President Rod inducted Trish Waring as a new member to our Club and Trish thanked members for their welcome.
Our Speaker was Tom Morgan-Lee on the History of Alcoholic Beverages and Cocktails – AKA "A Rum do"
With planning foresight worthy of any banana Republic we had today a slightly inappropriate cocktail of a speech by a purveyor of alcoholic beverages and cocktails and a Vote of Thanks proposed by a teetotal Rotarian (now there's a novelty) now reliant only on the Holy Spirit – a spiritual mix with a difference.
However, having been a spirited drinker especially during my teenage years, I was not completely baffled by Tom's intriguing commentary on the history of booze, neat and disguised. We learnt that beers, ales and the like were first brewed in the 1700s but spirits, as we know them, not until the 1900s. However, some of the gin, whisky and vodka in those early days was not especially palatable and to disguise this other ingredients were added – hence the cocktail - just a cunning ruse to disguise terrible booze.
Cocktails went out of fashion in the 1960s and 1970s but made a comeback in the 1980s although nowadays the ingredients are somewhat more refined but still intoxicating. Today a cocktail will normally comprise an alcoholic spirit, usually white, of 40% proof, a sweet liqueur 18.5% proof for flavour and something sour, usually a fruit juice.
With considerable bravado (assuredly not spirit induced) Tom undertook a practical demonstration of the art of mixing a cocktail. His first mistake was enlisting Rotarian Olwyn’s help. Using a run-of-the-mill cocktail shaker Tom instructed Olwyn to pour in white rum to the count of 10 (presumably because it provides the knockout punch), melon liqueur (yuck!), pineapple juice, and an unknown ingredient each of these being poured to the lesser count of five, plus ice. You could try this at home but first read the next paragraph.
Tom's next mistake was to ask Olwyn to shake the mixture. One thing Rotarian Olwyn cannot be accused of is a lack of spirit and in the best manner of the bartender in Cheers she proceeded to vigorously, even violently shake the cocktail shaker with frenzied enthusiasm. Ms Payton made one minor error with catastrophic but hilarious consequences when she failed to keep a grip on the cap of said shaker. The resultant cascade of rum, melon liqueur, pineapple juice and ice was illustrative of the consequences of how not to do it, often the most efficacious form of instruction.

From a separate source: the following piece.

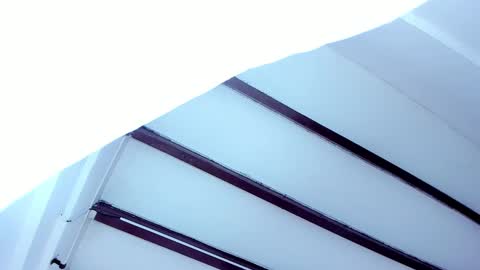 Miss Guzman  online show from February 5, 11:44 am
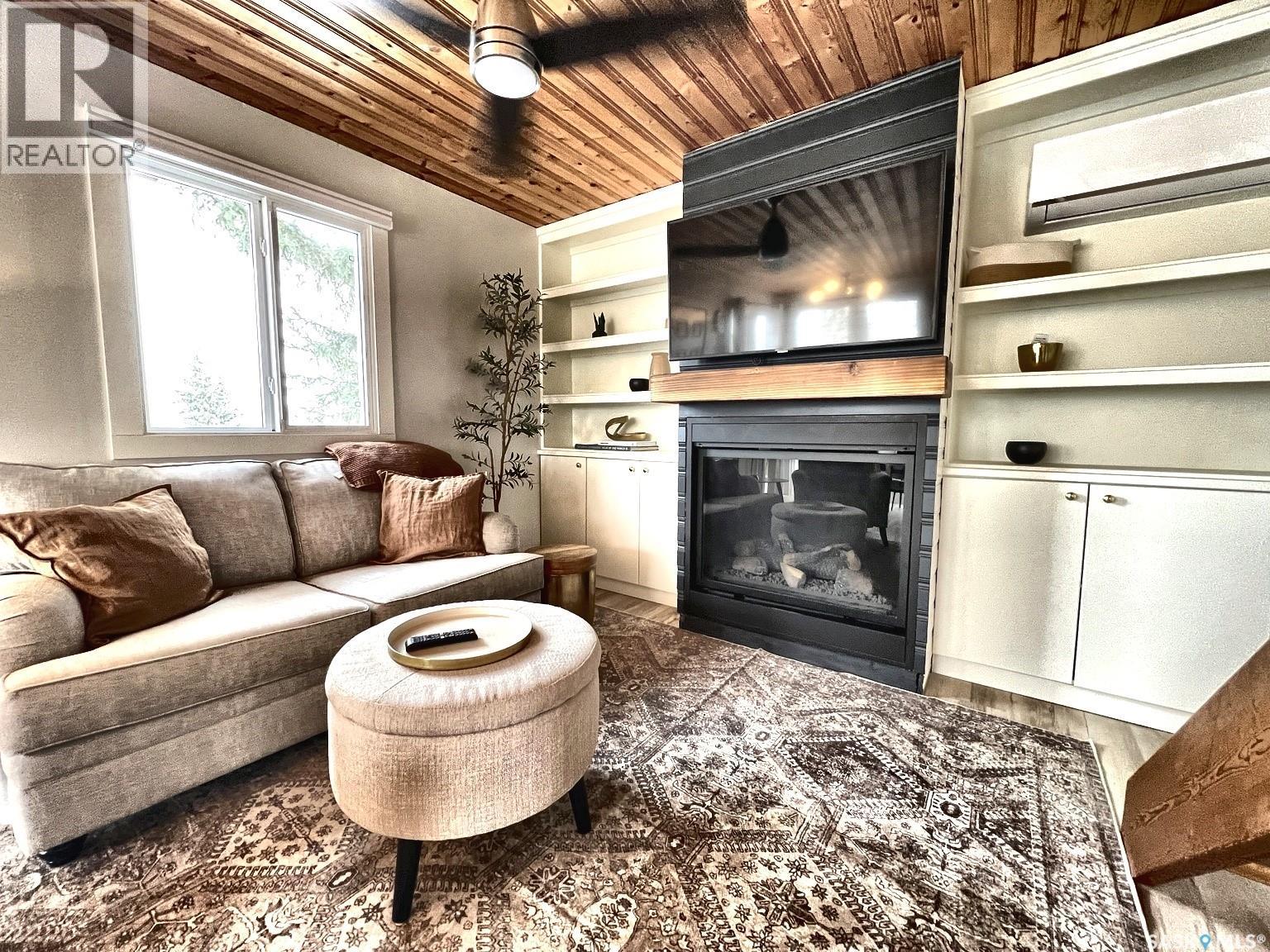 79 Snedden Crescent, Maple Bush Rm No. 224, Saskatchewan  S0H 3P0 - Photo 3 - SK030108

The resulting release of fizzing cocktail left Olwyn visibly shaken and stirred as well as wringing wet.
Covered in "Rumelopine" cocktail and embarrassment. A somewhat chastened and red-faced Olwyn oozed her way back to her seat to a tumultuous measure of applause and the biggest roar of approval heard in the Peggy Killick Suite for many an ear, where somebody had thoughtfully placed a Morrison’s 5p plastic bag to protect the chair covering (I'm told that the bags in Sainsburys are thick so they’re free).
Next time she will prepare two cocktails simultaneously and juggle at the same time - an idea maybe for a fund raising event? I wonder, is Tom contemplating Paytonting the technique!
Rotarians, me excluded though tempted, enjoyed a sampling of the Tom/Olwyn concoction or what was left of it. I have made a note of those members who had to be spirited away from the premises.
One member, who shall remain nameless but who lives very adjacent to St Mary's, Acton, had the gall to question the use of White Spirit – I wonder how much sampling he’d done!
Tom currently plies his profession as well as customers at The Crown Hotel – Booze in Crown Mews - having once worked at The Residence and elsewhere beyond Nantwich. He also has his own part-time business dispensing these heady mixtures via a Mobile Cocktail Bar.
Thank you Tom, son of Nicola, for "nows for something completely different" talk. See you at the Casa Brasserie - for a fruit cocktail.
P. S. If Rtn Olwyn Payton invites you round for cocktails remember to take a sou’wester.